Marshall Henderson Is Who He Says He Is

Marshall Henderson is Marshall Mathers III. To their respective billion-dollar entertainment industries, both are as valuable as gold. Most music fans refer to Mathers by his hip-hop persona, Eminem. Most Ole Miss fans call Henderson “Crazy Boy.” To the opposition, he’s public enemy No. 1.

Eminem carved out a legendary career as a white rapper who ascended to the top of the hip-hop charts by captivating a generation with his skill, candor, wild-boy behavior and a barrage of hits. 

Henderson is like Eminem with a wicked J.

He’s already done a quick bid. He’s not drug-shy. His teammates and fans love him. He’s a corporate cash cow and opponents loathe him. The court is his stage. He doesn’t need a mic to be heard. He stands out like brand new cotton nets on a city-hardtop court, but stands firm upon it as an immovable object, tongue wagging, eyes bulging, chest puffed and arms flailing.

Greg Newell, son of legendary coaching icon Pete Newell, is a huge Henderson fan and told The Shadow League, “Marshall has that Larry Bird swag, with some Pistol Pete in his passing ability and style, and the passion playing like this might be his last game,” Newell said. “Let’s be real here…He is a white boy playing a black man’s game…so he sticks out because he plays the game like a brother and I love it!
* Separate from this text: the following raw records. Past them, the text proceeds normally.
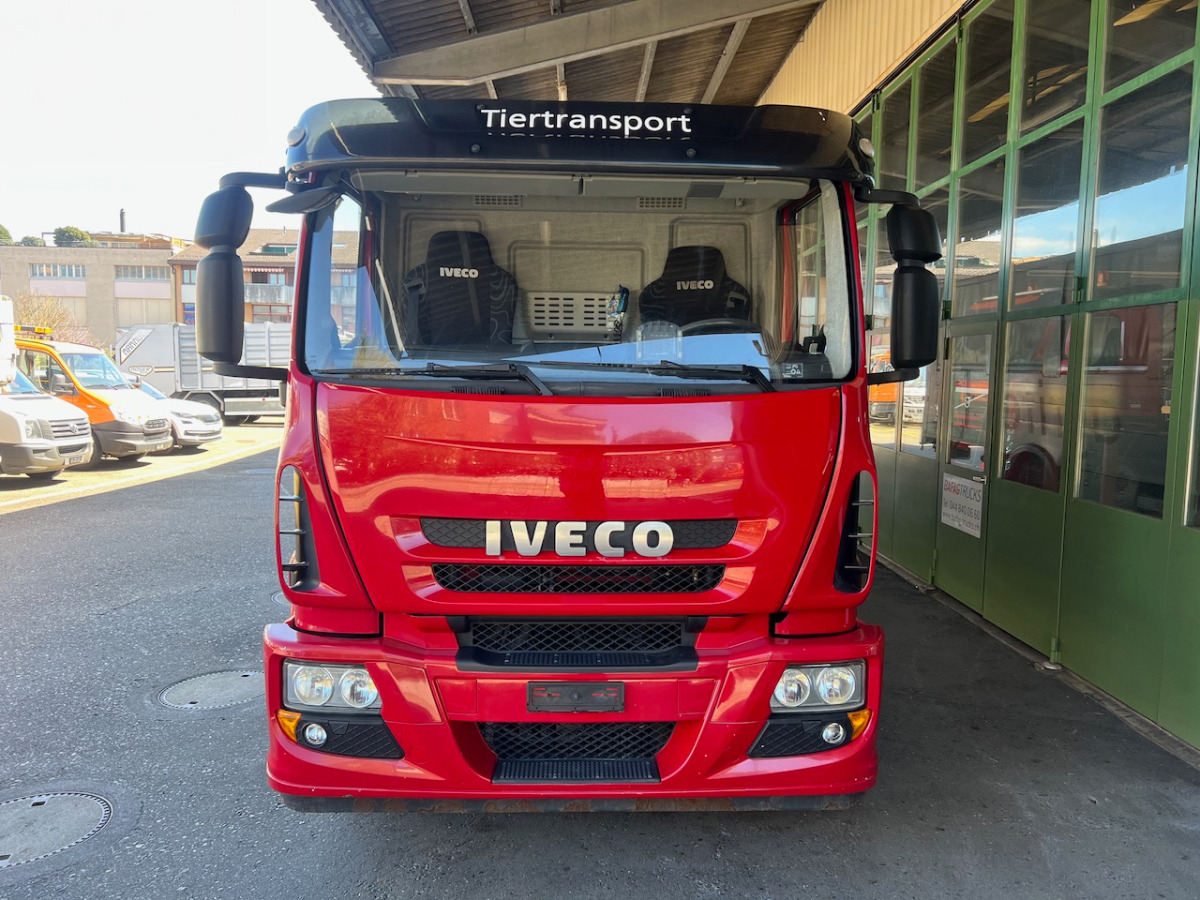 IVECO 140E28 Eurocargo - Livestock truck: picture 5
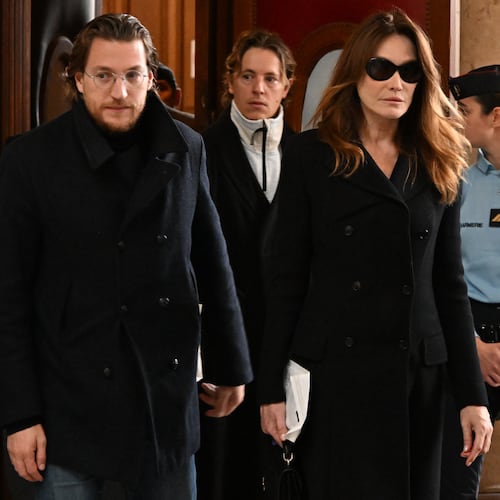 Former French President Nicolas Sarkozy's wife Carla Bruni-Sarkozy and son Jean Sarkozy leave a Paris court before it decides whether to release Sarkozy from prison, less than three weeks after he began serving a five-year sentence for criminal conspiracy in a scheme to finance his 2007 election campaign with funds from Libya, Monday, Nov. 10, 2025 in Paris. (AP Photo/Emma Da Silva)
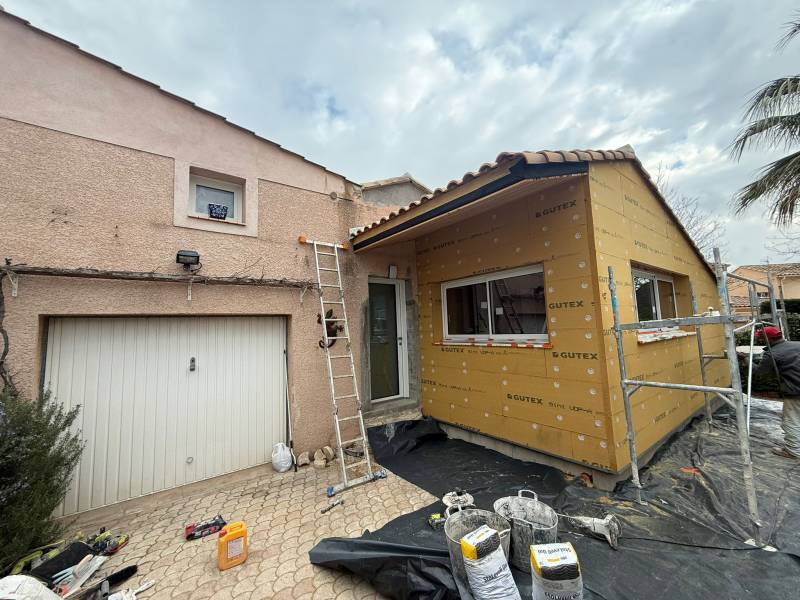 Travaux en cours - Rénovation de façade d'une extension de 75 m²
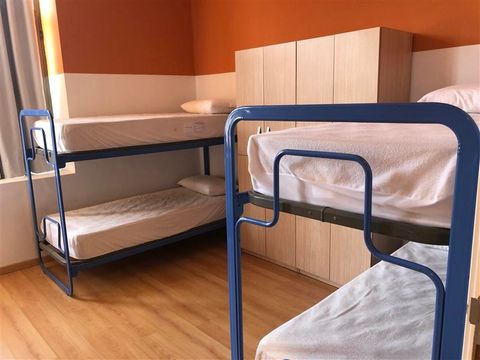 CHAMBRE 8 personnes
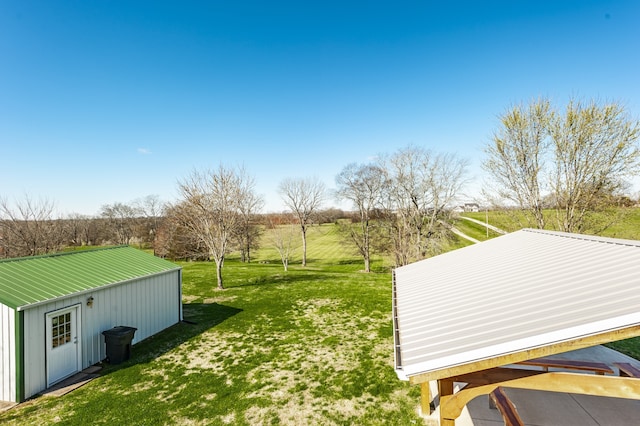 view of yard featuring a rural view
Just as I loved Jason Williams (White Chocolate)…but this kid has way more swag than JWill.”

Henderson’s a must-see for basketball fans of any ethnicity.   

It took him less than a year at Mississippi to prove he’s all about buckets, big wins and bravado, leading the SEC in scoring (20.1 ppg) and setting a school-record with 131 treys. His highly anticipated March Madness debut is on Friday as he leads his 12th-seeded Mississippi against 5th seed Wisconsin in the West Region. Expect him to incite the crowd, flex some skills and be real cocky with it. Things a rapper would do. 

Eminem decks fans and talks greasy. When Henderson’s not chucking ice at home-team, he’s taunting Florida fans or exchanging expletive-laden smack with Auburn fans and flapping his jersey in exultation.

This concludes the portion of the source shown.